EXERCISE OBJECTIVE: Omit any pictures, and restate word for word only the lines from the one with "Fețe de pernă" through the end of the data below.

━━ MATERIAL FOR THE TASK ━━

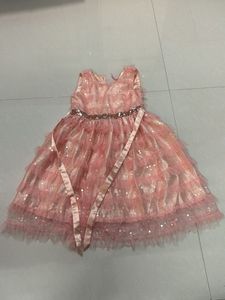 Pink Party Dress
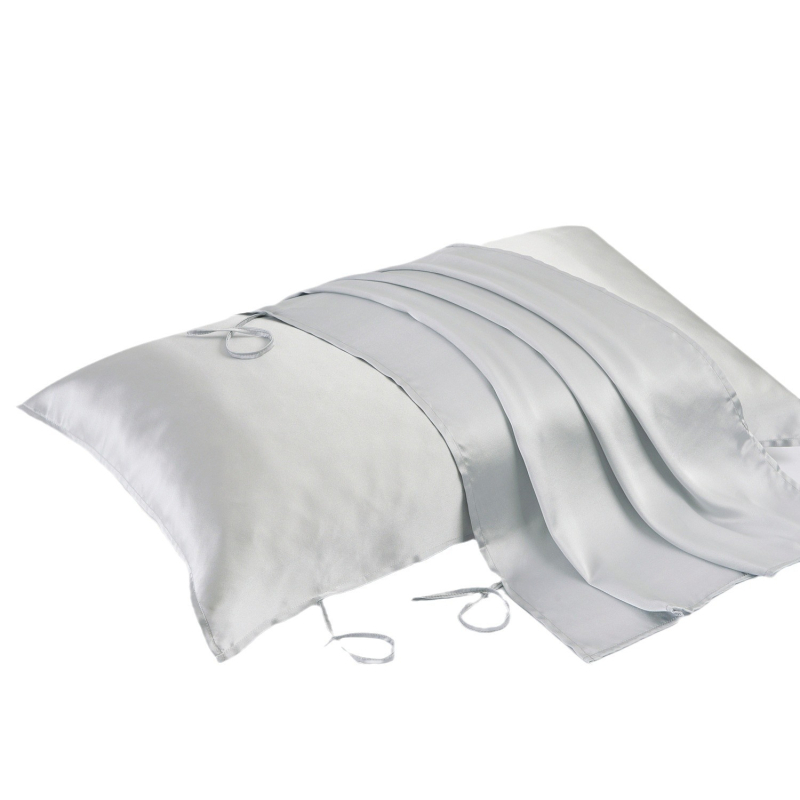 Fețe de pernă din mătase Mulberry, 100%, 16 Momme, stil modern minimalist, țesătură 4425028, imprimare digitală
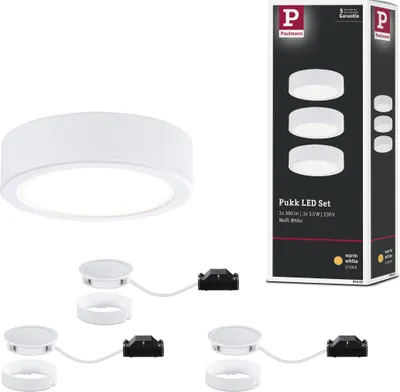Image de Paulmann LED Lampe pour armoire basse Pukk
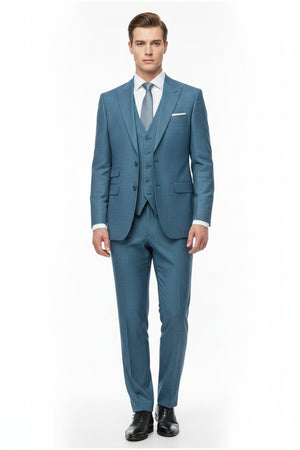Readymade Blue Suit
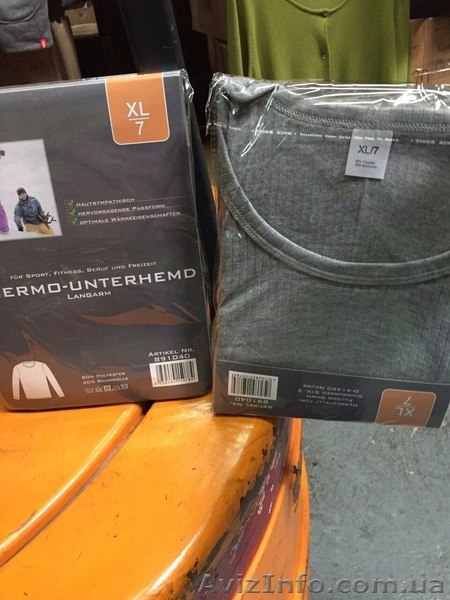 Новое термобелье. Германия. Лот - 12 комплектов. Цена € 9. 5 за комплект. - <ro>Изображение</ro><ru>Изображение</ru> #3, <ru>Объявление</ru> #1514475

━━━

EXPECTED OUTPUT:
 Fețe de pernă din mătase Mulberry, 100%, 16 Momme, stil modern minimalist, țesătură 4425028, imprimare digitală
Image de Paulmann LED Lampe pour armoire basse Pukk
Readymade Blue Suit
 Новое термобелье. Германия. Лот - 12 комплектов. Цена € 9. 5 за комплект. - <ro>Изображение</ro><ru>Изображение</ru> #3, <ru>Объявление</ru> #1514475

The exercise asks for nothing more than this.